Source data -
((

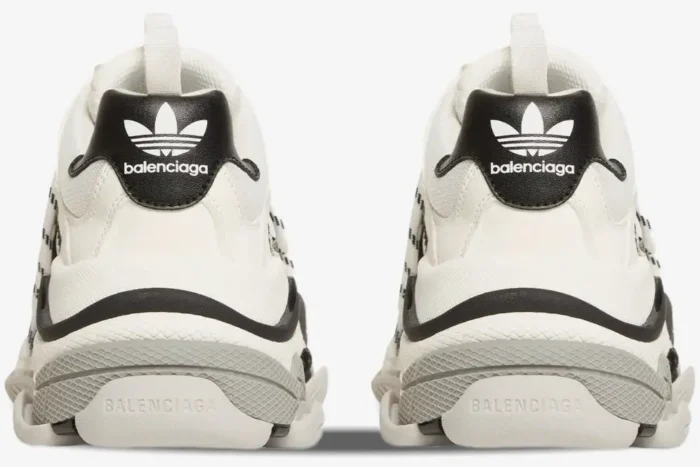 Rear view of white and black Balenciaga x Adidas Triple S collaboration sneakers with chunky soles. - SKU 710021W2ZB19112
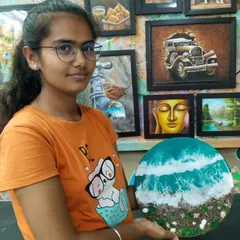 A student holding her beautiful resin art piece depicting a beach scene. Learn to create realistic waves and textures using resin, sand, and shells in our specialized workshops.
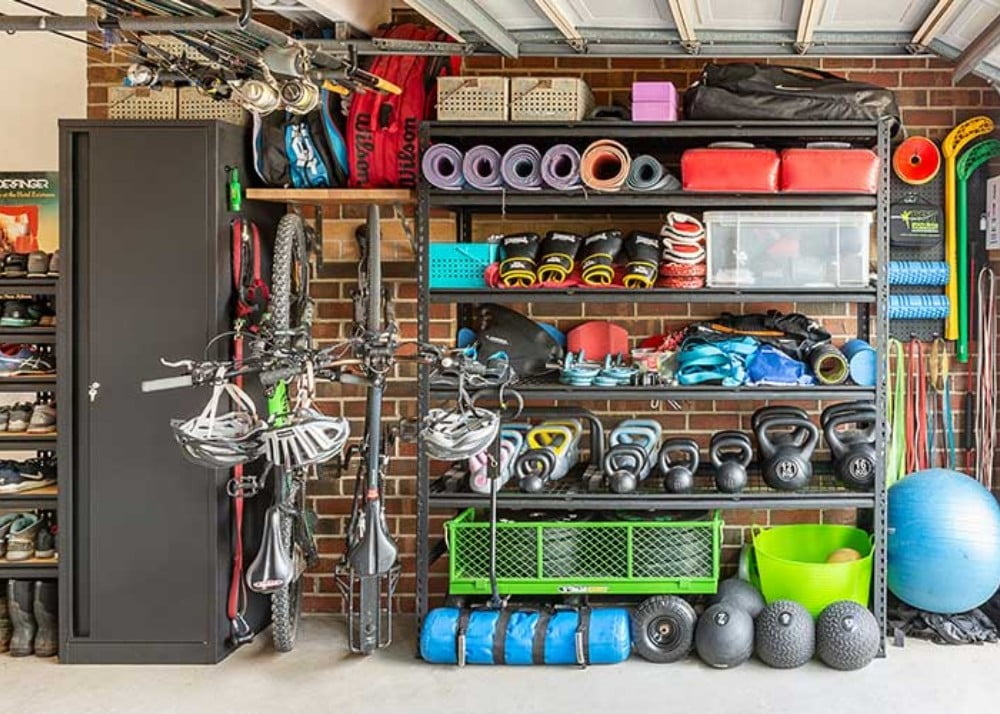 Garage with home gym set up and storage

))

Work to be completed -
From the line that holds "A student holding" down to the last line of the material above, every line is to be copied exactly, both ends included; pictures are to be omitted.

Exercise response -
 A student holding her beautiful resin art piece depicting a beach scene. Learn to create realistic waves and textures using resin, sand, and shells in our specialized workshops.
 Garage with home gym set up and storage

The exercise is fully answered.